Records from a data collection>
━━━━━━━━━━

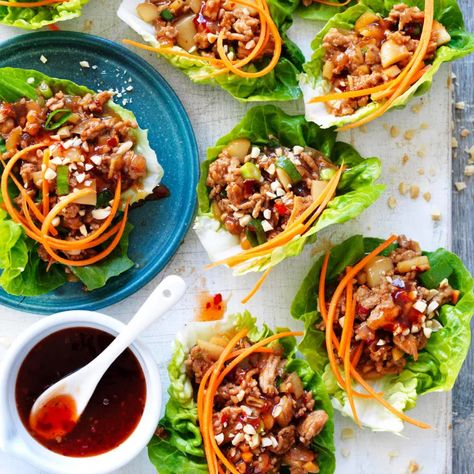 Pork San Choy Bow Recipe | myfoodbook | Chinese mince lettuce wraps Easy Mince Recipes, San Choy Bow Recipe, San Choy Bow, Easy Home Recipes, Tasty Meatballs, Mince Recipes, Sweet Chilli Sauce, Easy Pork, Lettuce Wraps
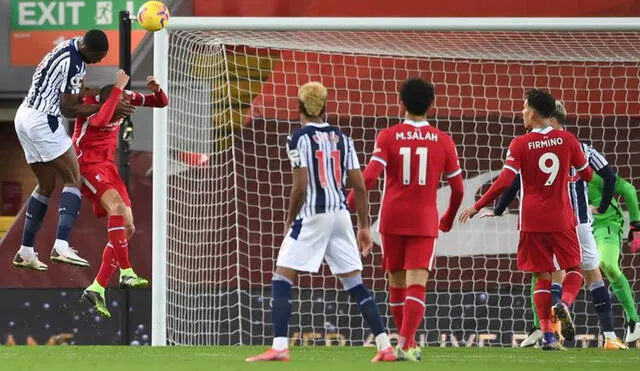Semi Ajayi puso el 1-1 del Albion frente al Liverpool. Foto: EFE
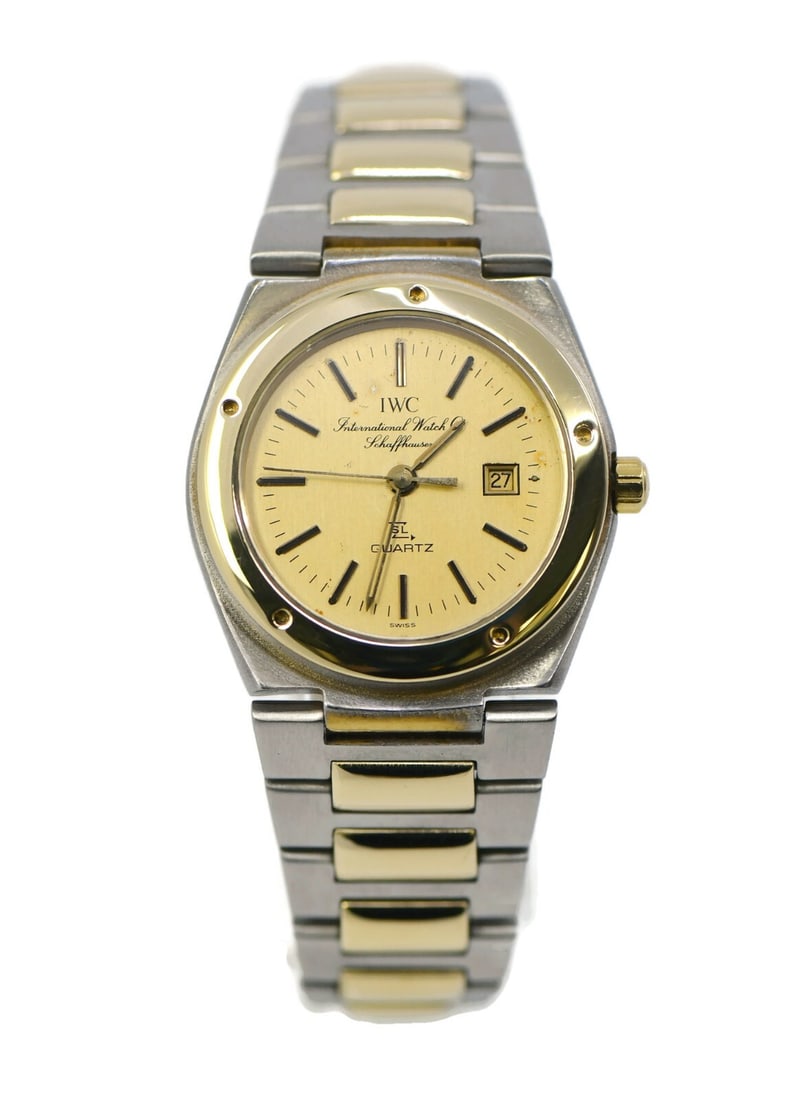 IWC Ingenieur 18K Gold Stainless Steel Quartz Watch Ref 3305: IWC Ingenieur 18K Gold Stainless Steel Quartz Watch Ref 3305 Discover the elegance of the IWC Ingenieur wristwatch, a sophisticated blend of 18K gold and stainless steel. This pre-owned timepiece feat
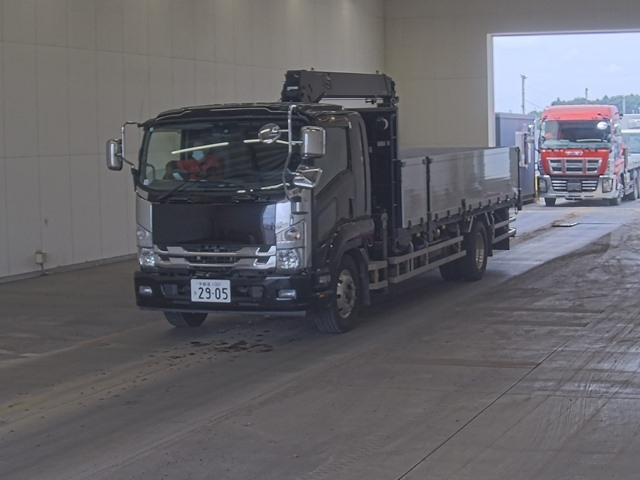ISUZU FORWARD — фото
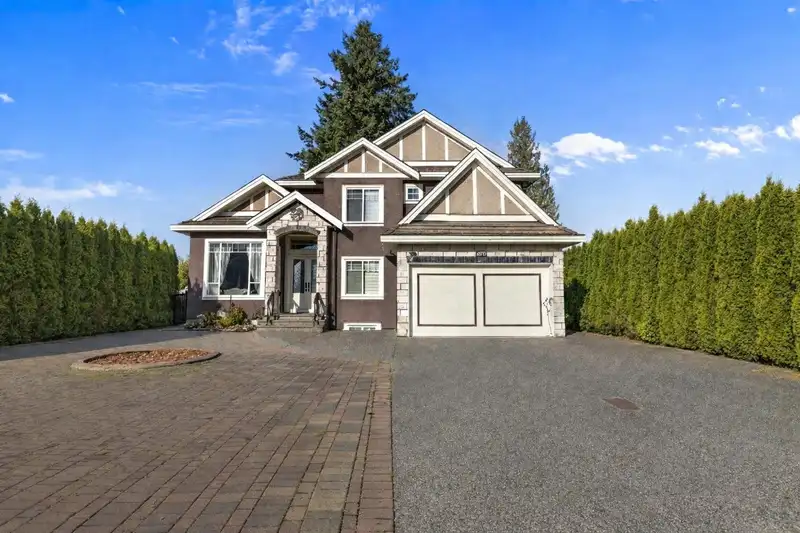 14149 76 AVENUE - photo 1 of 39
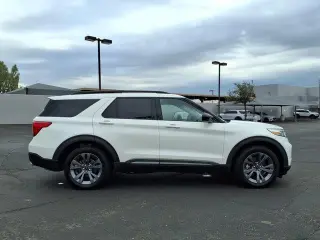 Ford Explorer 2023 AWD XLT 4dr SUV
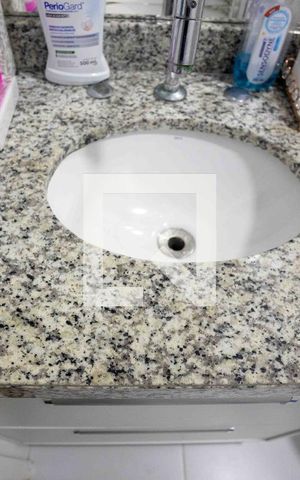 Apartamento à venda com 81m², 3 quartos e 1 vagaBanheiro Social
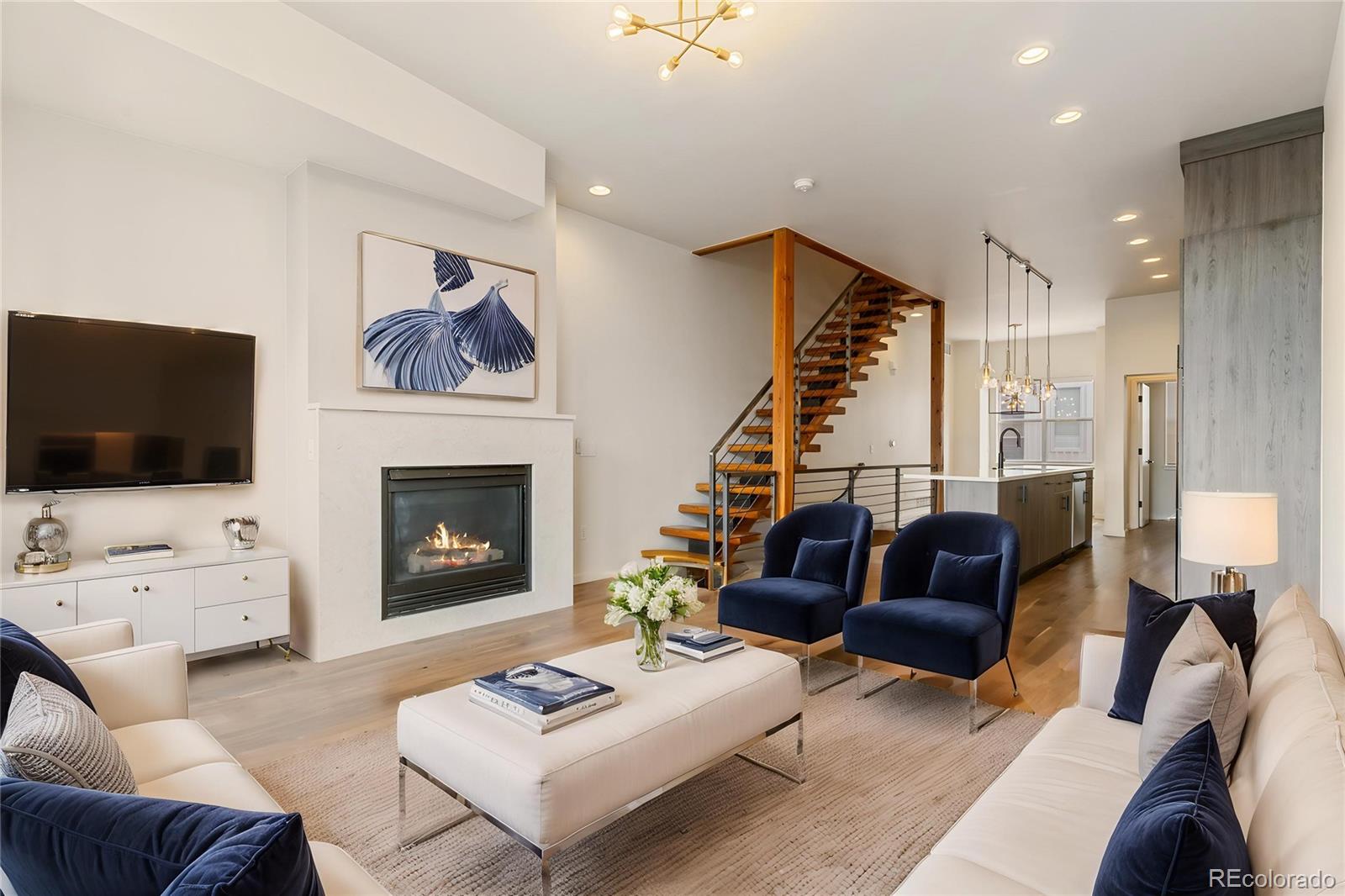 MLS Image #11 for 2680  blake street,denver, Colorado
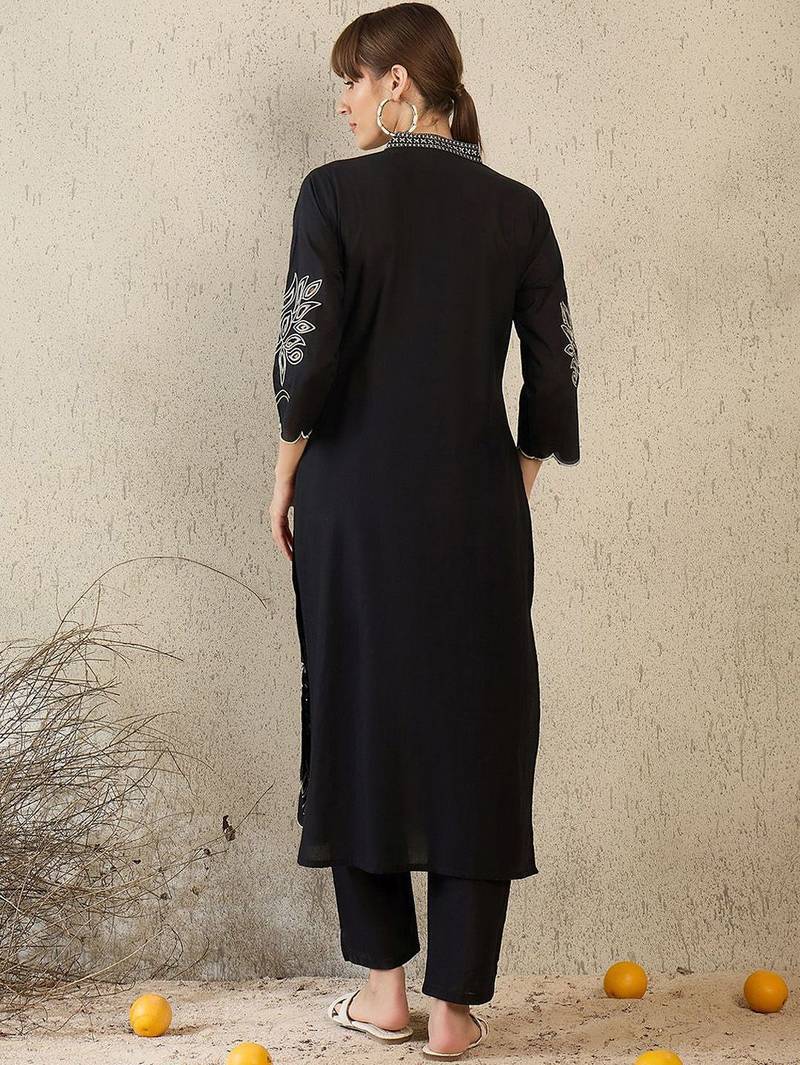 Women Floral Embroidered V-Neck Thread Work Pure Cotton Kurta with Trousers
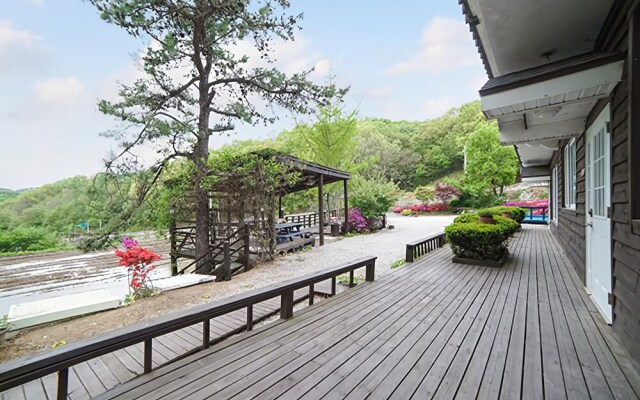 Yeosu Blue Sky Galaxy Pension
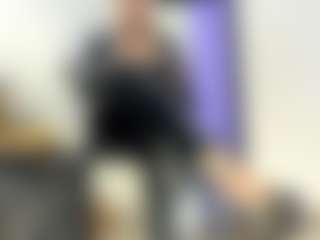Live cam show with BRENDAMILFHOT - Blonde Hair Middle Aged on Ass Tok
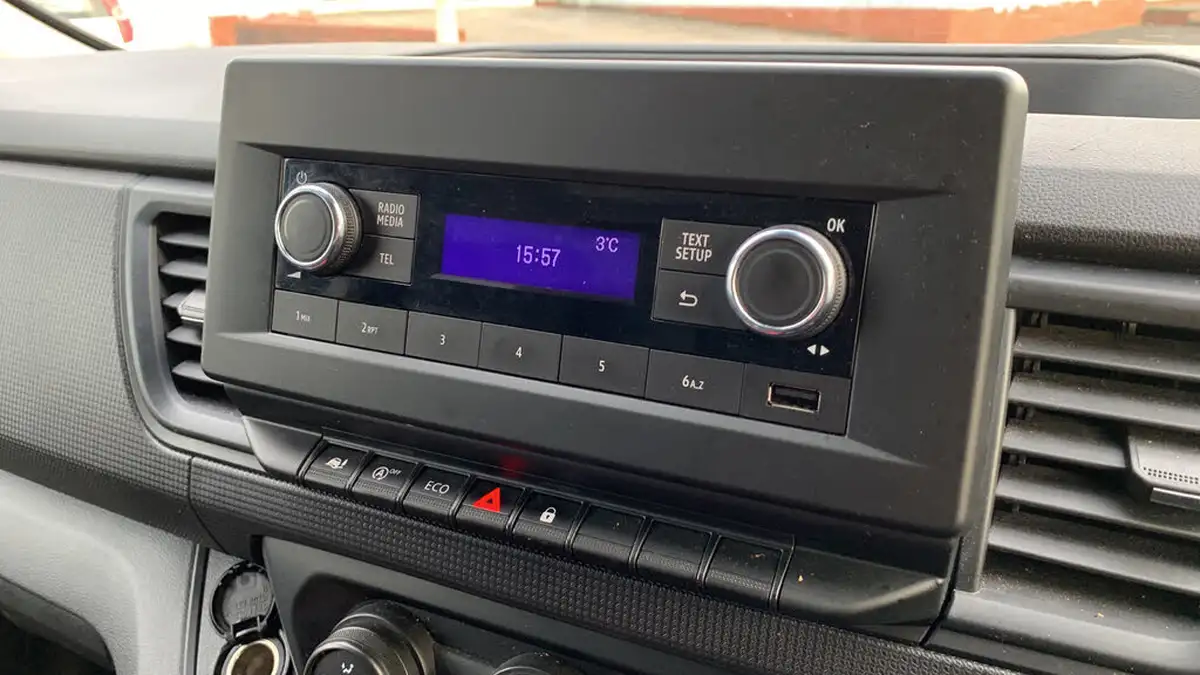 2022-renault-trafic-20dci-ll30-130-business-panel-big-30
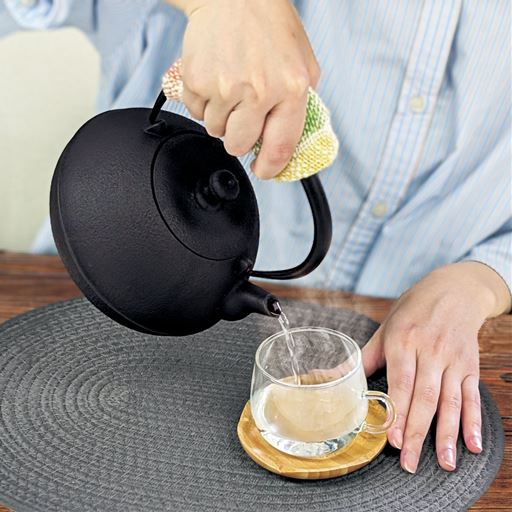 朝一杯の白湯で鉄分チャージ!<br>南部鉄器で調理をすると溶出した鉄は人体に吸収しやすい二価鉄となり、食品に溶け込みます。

━━━━━━━━━━

ABOUT THIS TASK> Retype each of the entries above exactly as it appears, with no pictures.

RESPONSE TO THE EXERCISE>
 Pork San Choy Bow Recipe | myfoodbook | Chinese mince lettuce wraps Easy Mince Recipes, San Choy Bow Recipe, San Choy Bow, Easy Home Recipes, Tasty Meatballs, Mince Recipes, Sweet Chilli Sauce, Easy Pork, Lettuce Wraps
Semi Ajayi puso el 1-1 del Albion frente al Liverpool. Foto: EFE
 IWC Ingenieur 18K Gold Stainless Steel Quartz Watch Ref 3305: IWC Ingenieur 18K Gold Stainless Steel Quartz Watch Ref 3305 Discover the elegance of the IWC Ingenieur wristwatch, a sophisticated blend of 18K gold and stainless steel. This pre-owned timepiece feat
ISUZU FORWARD — фото
 14149 76 AVENUE - photo 1 of 39
 Ford Explorer 2023 AWD XLT 4dr SUV
 Apartamento à venda com 81m², 3 quartos e 1 vagaBanheiro Social
 MLS Image #11 for 2680  blake street,denver, Colorado
 Women Floral Embroidered V-Neck Thread Work Pure Cotton Kurta with Trousers
 Yeosu Blue Sky Galaxy Pension
Live cam show with BRENDAMILFHOT - Blonde Hair Middle Aged on Ass Tok
 2022-renault-trafic-20dci-ll30-130-business-panel-big-30
 朝一杯の白湯で鉄分チャージ!<br>南部鉄器で調理をすると溶出した鉄は人体に吸収しやすい二価鉄となり、食品に溶け込みます。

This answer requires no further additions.